ミシンそば

つながれたヒバリのミシンそばのレビュー・感想・評価

つながれたヒバリ(1969年製作の映画)
3.8
ビロード革命で共産主義体制が倒されるまで20年以上封印された、イジー・メンチェル円熟期のゆっるい作品。
ただ、発表・製作時期がメンチェルにとっても脚本のフラバルにとっても凄く悪かった、誰もが言いたいことを言えない時代が今も続いてることをストレートに示し過ぎた、親ソ政権時代じゃそりゃ発表できないわなってなった。

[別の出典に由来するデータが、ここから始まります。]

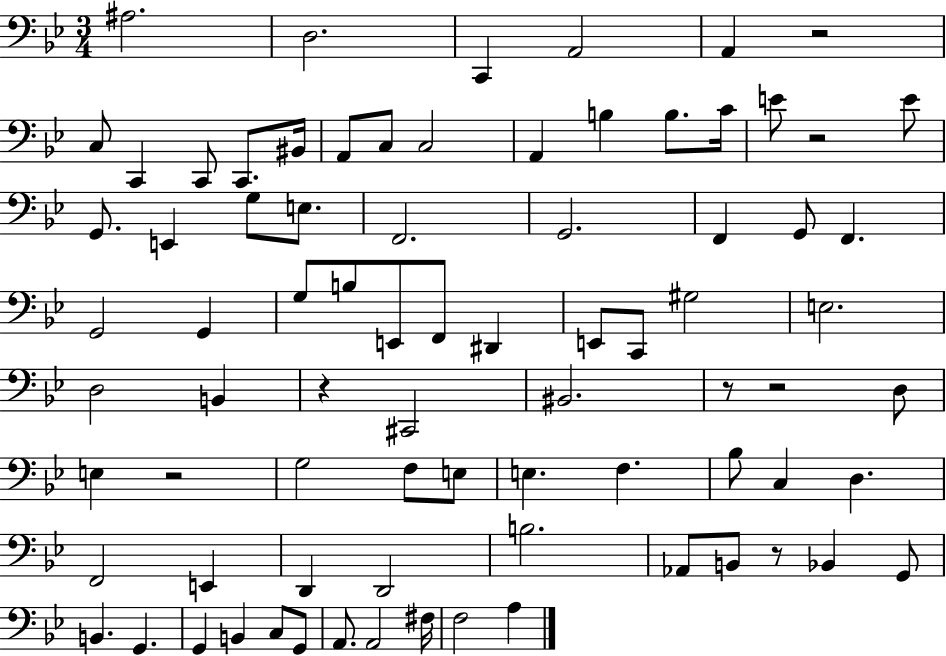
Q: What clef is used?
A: bass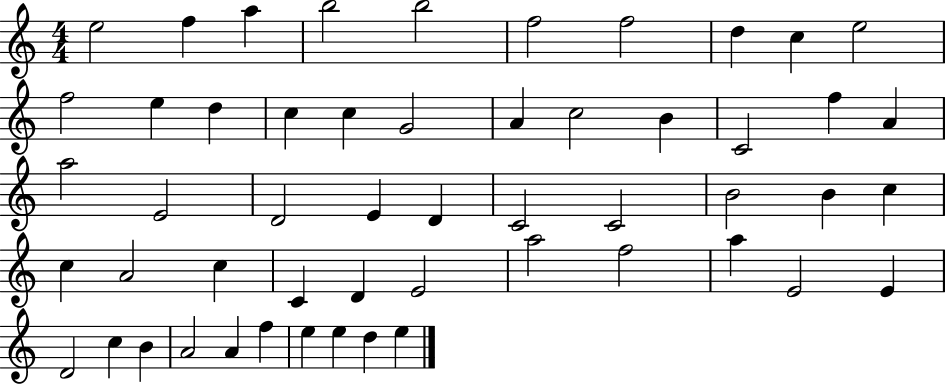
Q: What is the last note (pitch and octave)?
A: E5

ゆっるい流れで、群像劇のように終始進んでゆくけど、体制の弾圧の中にあっても決して光を失わない自由への渇望を掲げる人間賛歌のようなエネルギーももちろん感じる。
同時に体制の悪意とダブルスタンダードも(あの太った組合員の言動がめちゃくちゃ不愉快だった)。
言いたいことは言えない40年代後期(朝鮮戦争時代であることが暗に示されている)時代は、残念ながら製作時期の60年代後半とリンクしてしまっているところが実に生々しい。
メンチェルお得意のゆっるい流れの中にもそう言った時勢と過去への告発はシニカルに盛り込まれている。

結末と、その直近の組合員や警察(いわゆる権力側)の所業を直視して、憤りの中で映画を観終わることがないギリギリの均衡を見極めてる感じって言う作品だったな。